Last year Eirini Syntihaki rented an apartment in central Athens she cherished for its proximity to friends, work and the city’s cafés. The flat cost 700 euros a month - nearly the entirety of her earnings. A few months ago, after her flatmate moved out, lawyers acting for the Chinese owners informed her they intended to raise the rent.
"With pain in my heart, Im leaving a home I really love, the area, the house itself, the memories," the 28-year-old criminologist said as she packed before moving in with her sister. "I knew I had to leave to survive." Her decision captures the experience of many Greeks who face rents that have outpaced their incomes.
On broad economic measures, Greece has made a clear recovery from the 2009-2018 financial crisis. Growth has surpassed the EU average, the state is repaying bailout loans ahead of schedule and tourist arrivals are at record levels. Yet the benefits of the rebound are not evenly distributed: rapidly rising housing costs, stagnant real income gains for many households and growing indebtedness are curbing consumer spending and stretching budgets.
In a report, the Small Enterprise Institute (IME), a confederation representing small businesses, said income adequacy has reached record lows. "Income adequacy is at a record low, with six out of ten households reporting that their monthly income does not reach the end of the month," the IME noted. It added that economic strain is no longer confined to low-income households but is affecting the middle classes as well.

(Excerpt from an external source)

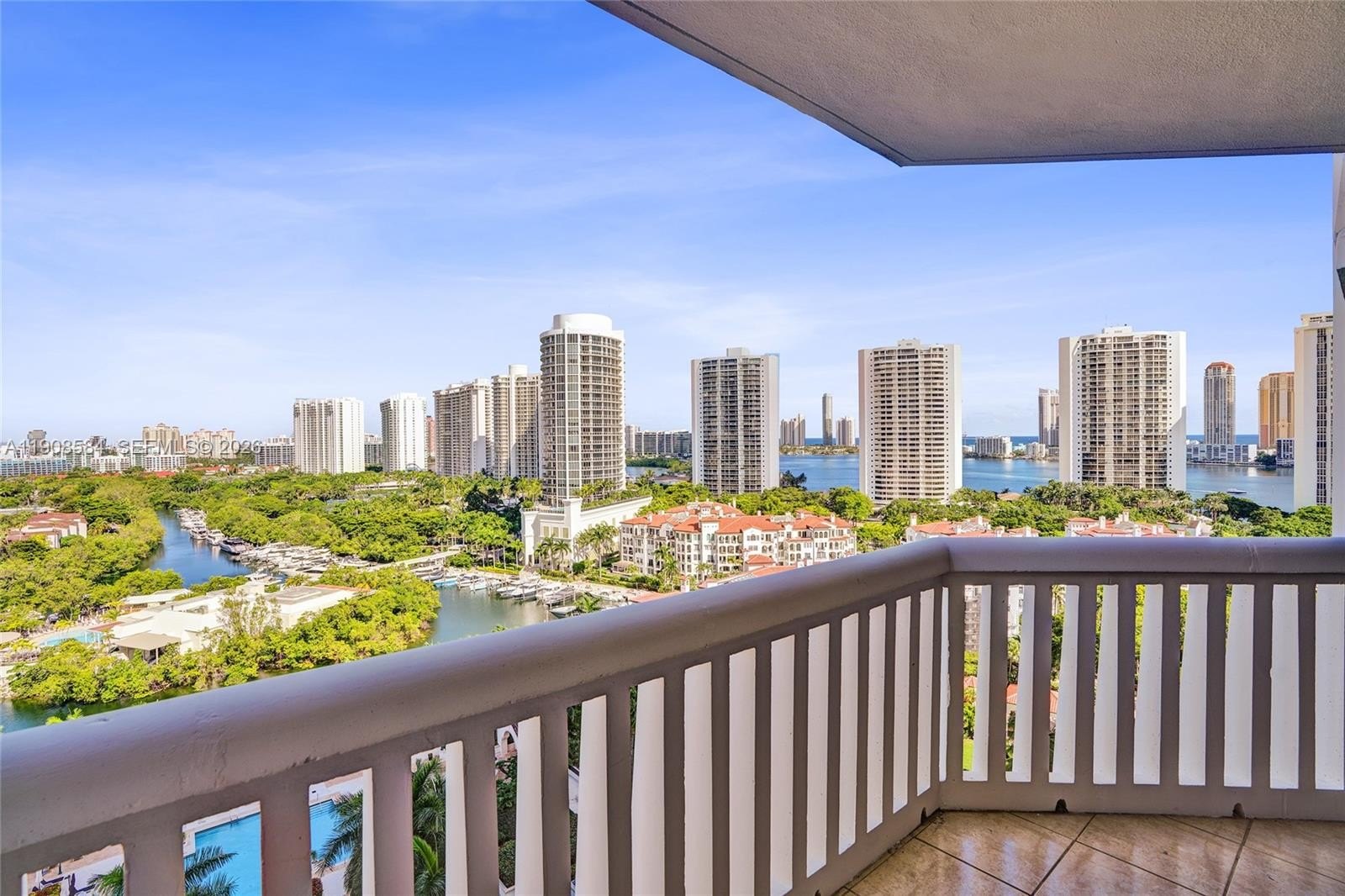 Condo 2BR 2BA - 2000 Island Blvd, Aventura, FL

Supply constraints rooted in the debt crisis
Many of the pressures on the housing market trace back to the crisis years, when construction activity largely halted. A Piraeus Bank report cited a shortage of 180,000 units for rent or sale in Greece's major cities. Policy and market developments since then have further tightened supply.
Greeces golden visa scheme, in place since 2014, has contributed to shrinking available inventory. Migration Ministry figures show that since the mid-2010s some 20,000 properties - predominantly in Athens - were sold to foreign buyers. At the same time, approximately 150,000 units have been converted into short-term rentals aimed at tourists.
The combination of limited new construction, purchases by non-resident buyers and the shift of existing housing into tourist accommodation has increased competition for the remaining rental stock. Themistocles Bakas, president of the E-Real Estate Network, which maintains offices across Greece, described the demand dynamic vividly: hundreds of prospective tenants sometimes attend a single viewing. He compared the phenomenon to wartime queues - "like people waiting in line at a grocery store in the 1940s" - underscoring the intensity of competition for housing.
Prices, income and affordability
The upward trajectory of rents in Greece has been especially strong. E-Real Estate data show that between 2019 and 2024 rents in Athens rose by more than 50% on average as the economy emerged from protracted austerity. By comparison, E-Real Estate figures cited in the same period show two-bedroom rents rising 26% in Madrid and 14% in Paris.
Average Greek wages increased by roughly 27% over the same period, but that gain has not been enough to offset the sharp rental rises. Eurostat data indicate Greeks allocate a larger share of their income to housing than residents of any other EU member state.
Home ownership has also fallen. The rate slipped below 70% in 2024 - the lowest level on record - down from about 77% in 2009. For many households, buying a home has become less viable while rental costs climb.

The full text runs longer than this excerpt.